In and out, in and out, in and out. That’s it, good boy.
You can cuddle Mum again now.’ Nel spoke to Sophie.
‘He’s got an upper respiratory infection.
I’ll give you some antibiotics to clear it up.
We’ll swab him too, just to check it’s not any of the other nasty stuff going around.
’ She took a cotton bud from a drawer. ‘Head back, mate. That’s it.
This will tickle a little bit. Good boy. Now the throat. Perfect.’
She put the cotton bud into a tube for pathology and opened Harvey’s patient record on the computer to write up the script. Her heart skipped a beat as her eyes landed on his last name. Warner. Harvey Warner. Was he Ryan Warner’s son?
Nel looked at Sophie, who was rubbing Harvey’s back. Was she Ryan’s wife? Nel cast her mind back. He’d started going out with a bubbly blonde girl not long after Maddie died. A friend of Lauren’s. Was that girl now this world-weary woman?
Nel tried to refocus. ‘Is Harvey allergic to anything?’
‘No, nothing,’ Sophie said. Nel turned back to the computer. ‘You’re Doctor Foley’s daughter?’
‘That’s right,’ Nel replied, her eyes still on the screen.
‘How long are you in town?’
‘Just for a week or two to keep things running,’ Nel said, as she pressed print.
‘Handy for your mum, having another doctor in the family.’ Sophie smiled. ‘We’ve been seeing your dad for years, since our oldest was a baby. I’m sorry. For your loss, I mean.’
‘Thank you,’ Nel said with a polite smile, taking the page from the printer tray.
‘So where’s home?’
‘Sydney. The inner west.’
Sophie nodded vaguely, as though that meant nothing to her. ‘This must be a change of pace, compared to Sydney.’ She rubbed Harvey’s back. ‘Do you think you’ll stay long?’
Nel looked at Sophie again. Was this small talk, or something else? ‘I’m just taking it week by week,’ she said, keeping her answer vague.
‘Well, I hope you enjoy your time here.’ Sophie gave her a kind smile.
‘I’m sure I will,’ Nel said, chastising herself for being paranoid. The poor woman was just being friendly. She handed Sophie the script and explained the dosages. ‘He should start improving in a day or two.’
‘Great, thanks, Doctor Foley.’
‘Please, call me Nel.
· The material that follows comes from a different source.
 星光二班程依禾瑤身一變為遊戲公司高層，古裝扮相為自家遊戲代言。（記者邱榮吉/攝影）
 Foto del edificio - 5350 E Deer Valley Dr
Less confusing.’ She reached for the jar of jelly beans on the back of the desk. ‘Hey, Harvey, what’s your favourite colour?’
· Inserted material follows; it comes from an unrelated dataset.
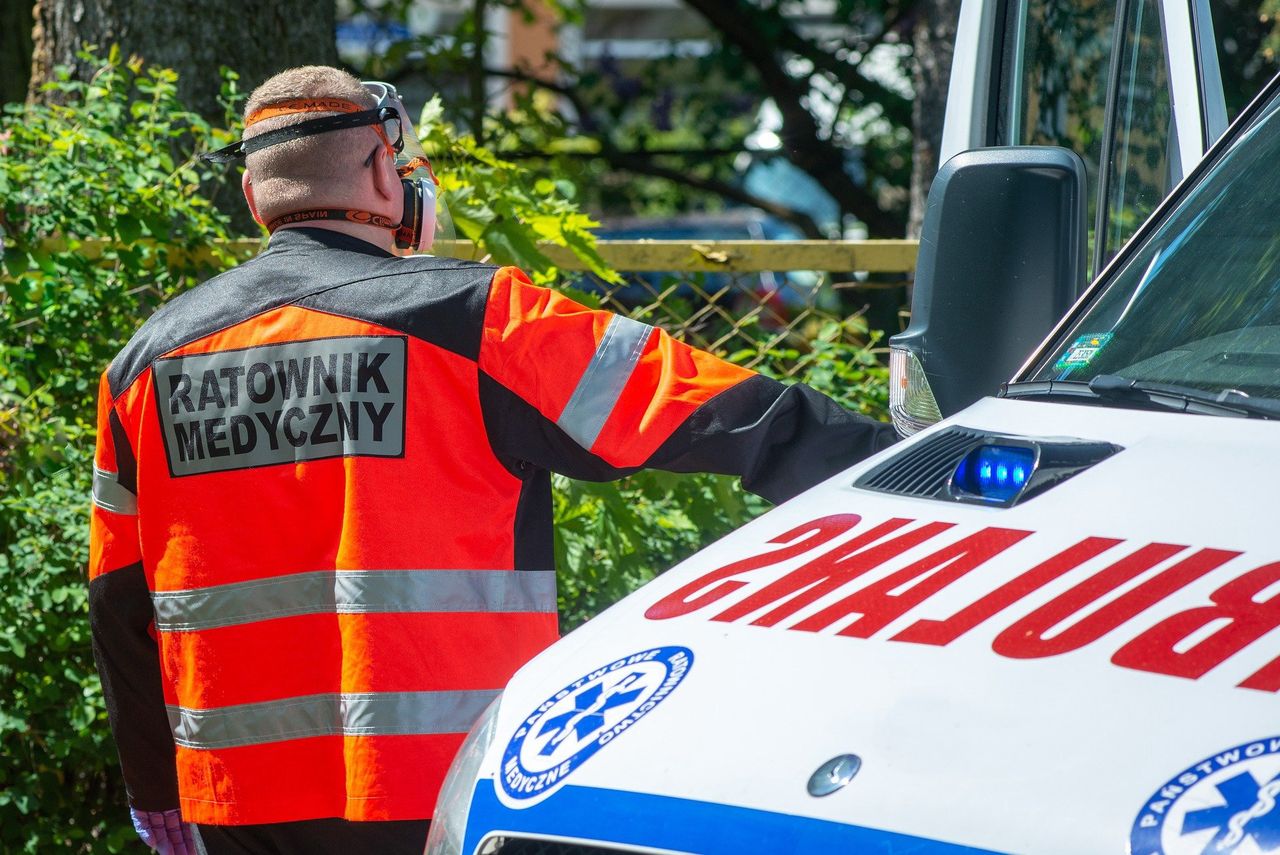 Mimo reanimacji nie udało się uratować 59-latka, który spadł z dużej wysokości na budowie w Czechowicach Dziedzicach.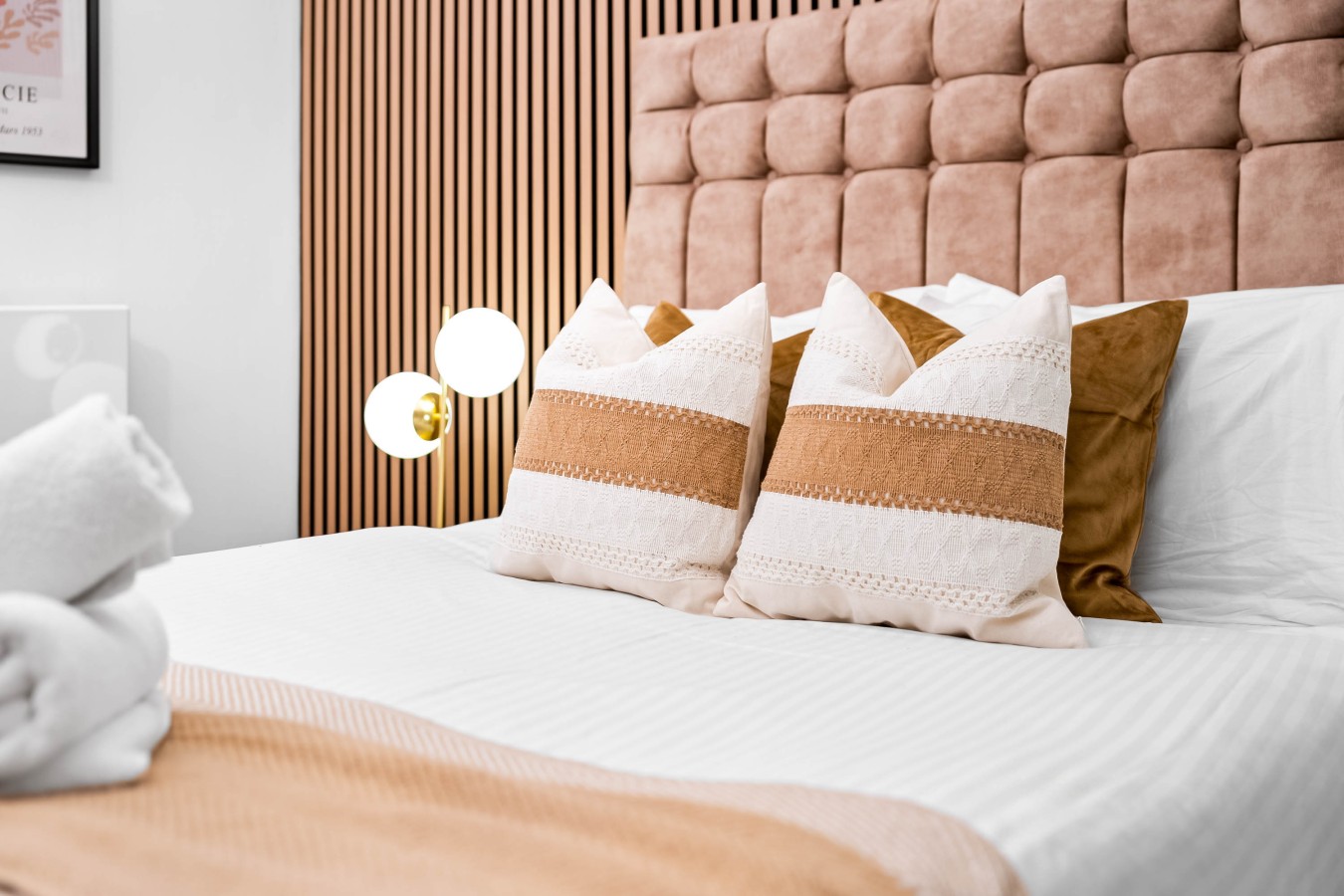 Stylish Apartment - Wolverhampton Centre in 40 Princess Alley, Wolverhampton WV1 1HB, UK - Property image 23 - VivreStays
‘Green,’ he whispered with a shy smile.
She found a green one and used the tongs to pass it to him.
‘What do you say?’ Sophie said.
‘Thank you.’ He popped the lolly in his mouth.
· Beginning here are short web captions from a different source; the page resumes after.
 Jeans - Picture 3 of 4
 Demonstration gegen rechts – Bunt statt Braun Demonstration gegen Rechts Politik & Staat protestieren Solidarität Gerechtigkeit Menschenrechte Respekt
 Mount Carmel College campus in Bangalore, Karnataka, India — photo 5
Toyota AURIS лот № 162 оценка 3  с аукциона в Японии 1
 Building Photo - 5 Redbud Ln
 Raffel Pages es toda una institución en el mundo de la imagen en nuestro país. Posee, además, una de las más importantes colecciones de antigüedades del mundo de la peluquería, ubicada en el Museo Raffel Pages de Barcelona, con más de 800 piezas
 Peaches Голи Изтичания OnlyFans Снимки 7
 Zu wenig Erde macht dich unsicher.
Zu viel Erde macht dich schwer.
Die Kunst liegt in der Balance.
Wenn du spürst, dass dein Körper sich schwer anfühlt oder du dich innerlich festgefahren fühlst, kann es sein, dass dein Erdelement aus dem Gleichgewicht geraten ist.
Sophie put her hand on the arm of the chair, wincing as she pushed herself up.
Nel frowned. ‘Are you okay?’
Sophie raised her eyebrows, confused. Nel glanced towards her wrist.
‘Oh. Yeah, it’s fine,’ Sophie said. ‘It’s nothing.’
Nel didn’t say anything.
‘I fell off a bar stool in the kitchen,’ Sophie added, ‘trying to get something from a high cupboard. Stupid really.’
There was something inauthentic about the way she said it.
It sounded rehearsed, as though she was a bad actor delivering a line in a play.
Nel knew this lie. The neat explanation.
The self-deprecation. The casual, offhand delivery.
She’d heard it plenty of times before, as a resident at St Vincent’s in Dublin, at the women’s health practice where she’d done her GP training, at the medical centre in Sydney, from women with split lips, broken ribs, black eyes.
‘How are things at home?’ Nel asked gently.
‘Fine,’ Sophie said, but the tears that welled in her eyes told a different story.
‘Do you ever feel unsafe?’
Sophie ran a hand through her hair and shook her head, as though she didn’t understand the question.
Nel held her gaze. ‘It’s just’—she gestured to Sophie’s wrist—‘when I see an injury like this, I wonder if it might have—’
‘Please,’ Sophie interrupted, ‘please don’t. I’m fine. I can handle it.’ She repositioned her grip on Harvey, struggling with the weight of him. ‘I’ve got to go. Would you mind putting my bag over my shoulder?’
Nel reached for the bag. ‘Do you need a hand getting to the car?’
Sophie shook her head. ‘I’ll be fine.’
Nel watched her walk down the corridor and stop at the reception desk.
Nel was typing up patient notes when Viv stuck her head around the door at the end of the day. She’d changed into leopard-print leggings and an oversized t-shirt that said, Give me chocolate and no one gets hurt.
‘Doll, I’m heading off. I’ve got a pickleball game at five thirty down at the netball courts. Anything you need before I go?’
‘Did you speak to the recruitment company?’ The locum interviews had been a dismal failure. One candidate was so shy they’d been unable to hear most of his answers. The other one didn’t show up.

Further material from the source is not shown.